■ DIRECTIONS FOR THIS TASK ■
From the material below, copy exactly the lines beginning with the one that contains "Imagem - Crianças" and ending with the one that contains "Unfertilized egg"; the pictures stay out.

** Opening INFORMATION SHOWN block **

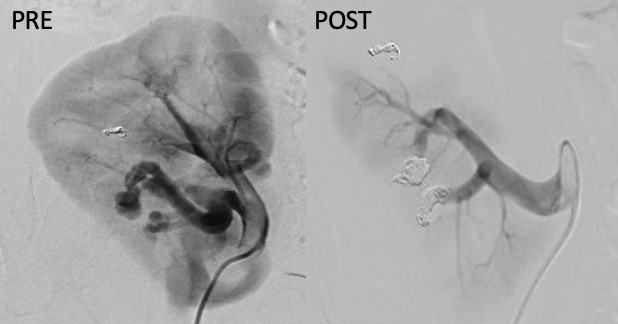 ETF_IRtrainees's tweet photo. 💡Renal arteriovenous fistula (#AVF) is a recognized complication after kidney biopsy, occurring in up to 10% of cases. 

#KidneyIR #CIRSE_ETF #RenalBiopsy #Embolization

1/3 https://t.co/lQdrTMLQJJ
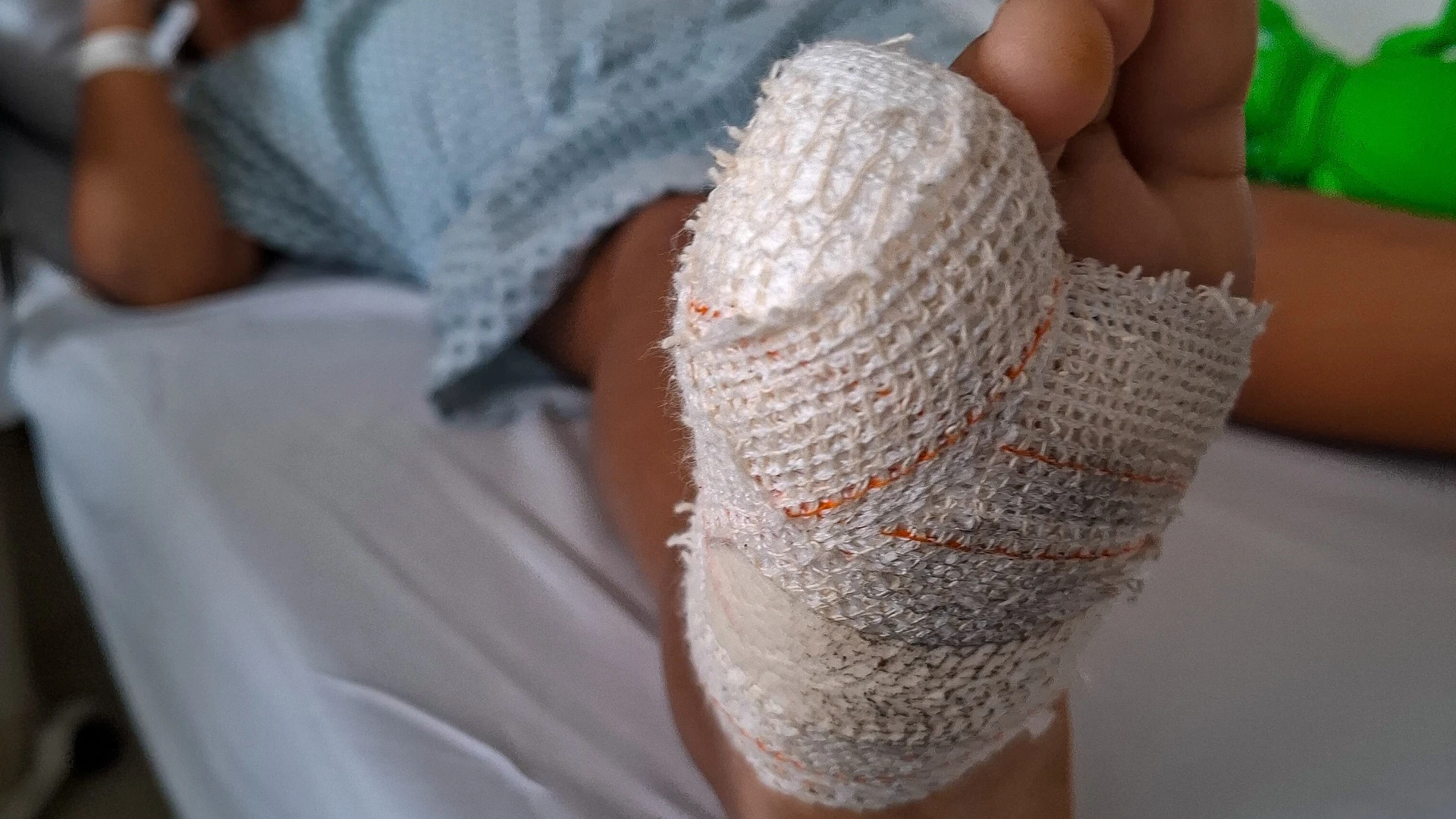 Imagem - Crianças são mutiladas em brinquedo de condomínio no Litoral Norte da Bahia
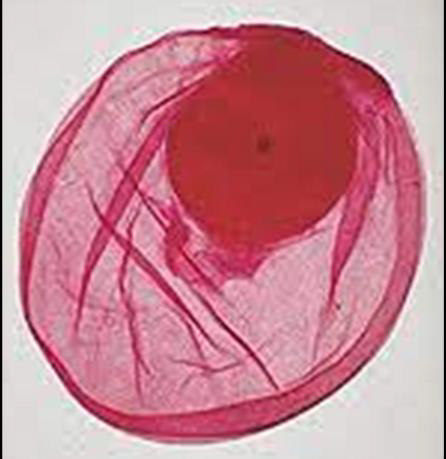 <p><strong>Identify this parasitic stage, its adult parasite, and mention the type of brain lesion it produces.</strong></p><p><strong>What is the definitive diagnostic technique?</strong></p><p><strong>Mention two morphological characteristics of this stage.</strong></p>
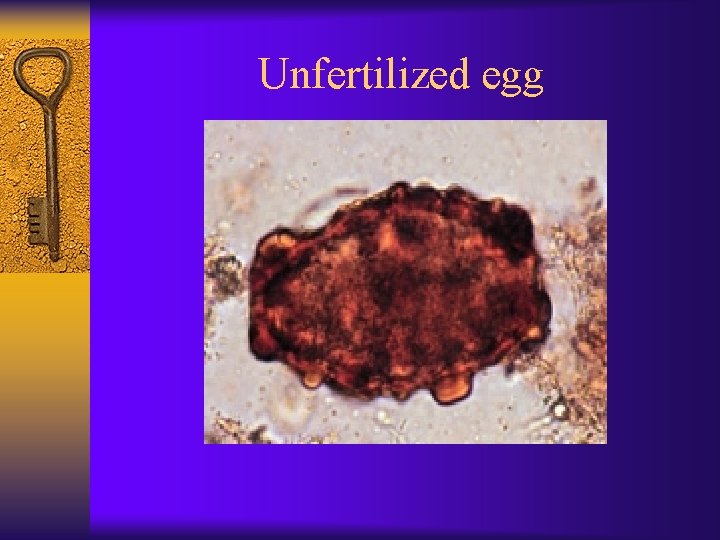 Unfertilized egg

** Closing INFORMATION SHOWN block **
** Opening INFORMATION SHOWN block **

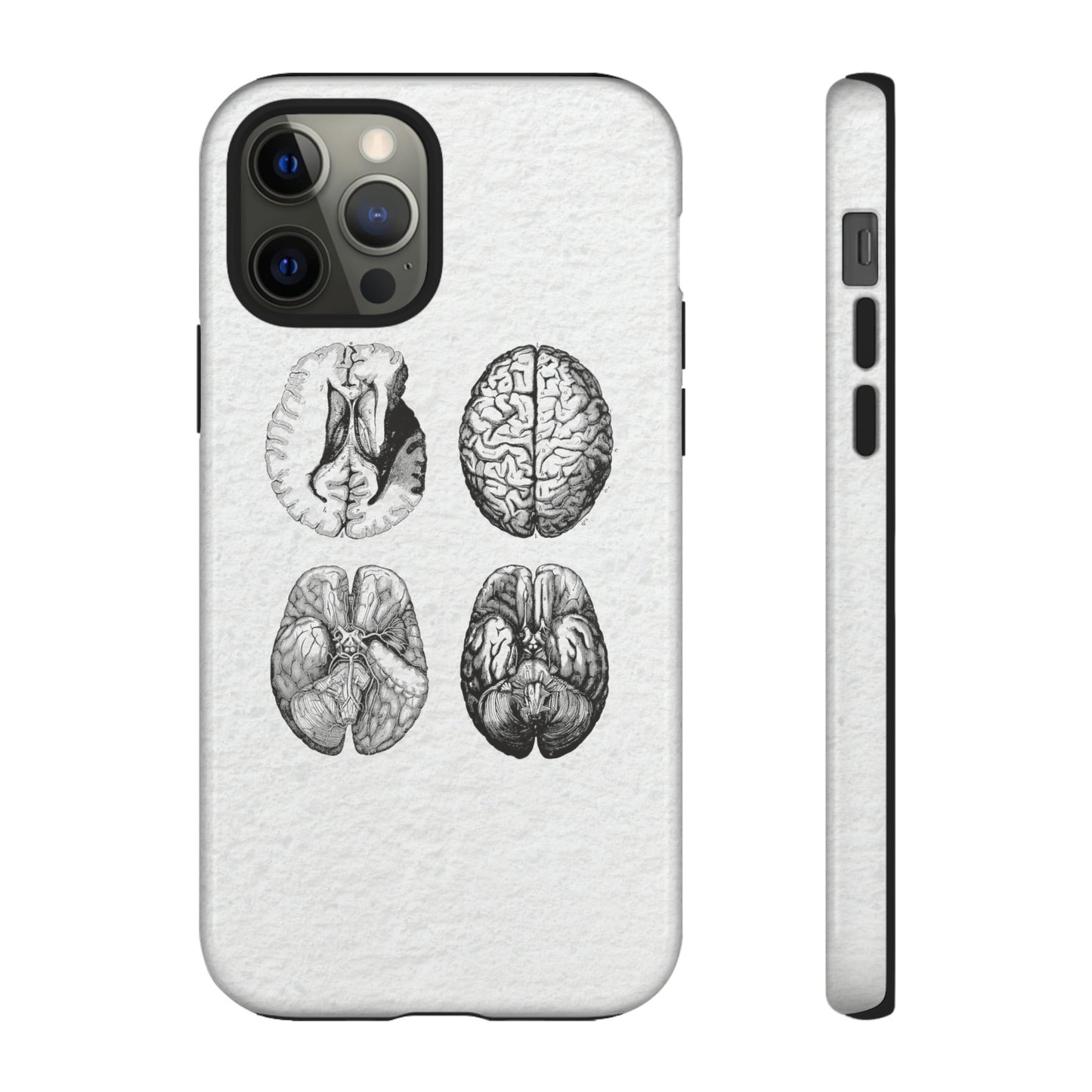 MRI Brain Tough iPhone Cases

** Closing INFORMATION SHOWN block **

■ REPLY ■
 Imagem - Crianças são mutiladas em brinquedo de condomínio no Litoral Norte da Bahia
 <p><strong>Identify this parasitic stage, its adult parasite, and mention the type of brain lesion it produces.</strong></p><p><strong>What is the definitive diagnostic technique?</strong></p><p><strong>Mention two morphological characteristics of this stage.</strong></p>
 Unfertilized egg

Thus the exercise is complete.